----- THE DATA -----
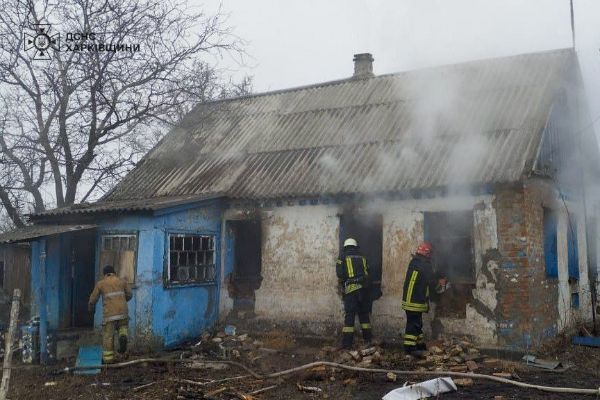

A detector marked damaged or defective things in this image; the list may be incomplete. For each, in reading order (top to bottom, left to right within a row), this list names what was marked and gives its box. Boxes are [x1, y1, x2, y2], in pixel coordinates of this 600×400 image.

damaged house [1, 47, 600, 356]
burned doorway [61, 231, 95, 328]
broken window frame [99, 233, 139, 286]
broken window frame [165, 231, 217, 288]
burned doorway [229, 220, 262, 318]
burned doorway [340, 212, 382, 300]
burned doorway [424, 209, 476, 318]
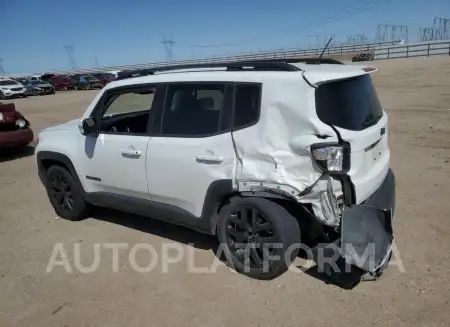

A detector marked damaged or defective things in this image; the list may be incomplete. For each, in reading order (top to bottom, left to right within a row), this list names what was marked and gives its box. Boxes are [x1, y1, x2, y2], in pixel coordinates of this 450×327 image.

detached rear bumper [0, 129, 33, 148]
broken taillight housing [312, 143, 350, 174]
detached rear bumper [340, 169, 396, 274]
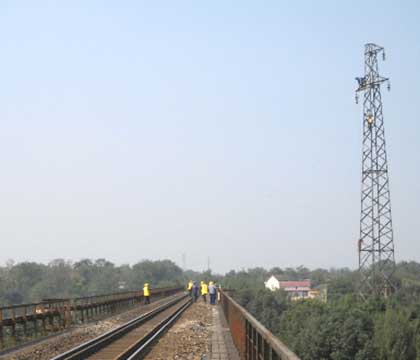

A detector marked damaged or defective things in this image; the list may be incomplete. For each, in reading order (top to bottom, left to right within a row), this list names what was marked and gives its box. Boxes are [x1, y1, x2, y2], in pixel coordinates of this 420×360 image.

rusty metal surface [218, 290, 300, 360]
-----
* WHAT TO WORK ON
Look above for the line with "this 420×360 image.", then copy it and each later line exactly, stopping at the last line of the records.

* COMPLETED TASK
A detector marked damaged or defective things in this image; the list may be incomplete. For each, in reading order (top to bottom, left to right within a row), this list names what was marked and gives its box. Boxes are [x1, y1, x2, y2], in pixel coordinates of this 420×360 image.

rusty metal surface [218, 290, 300, 360]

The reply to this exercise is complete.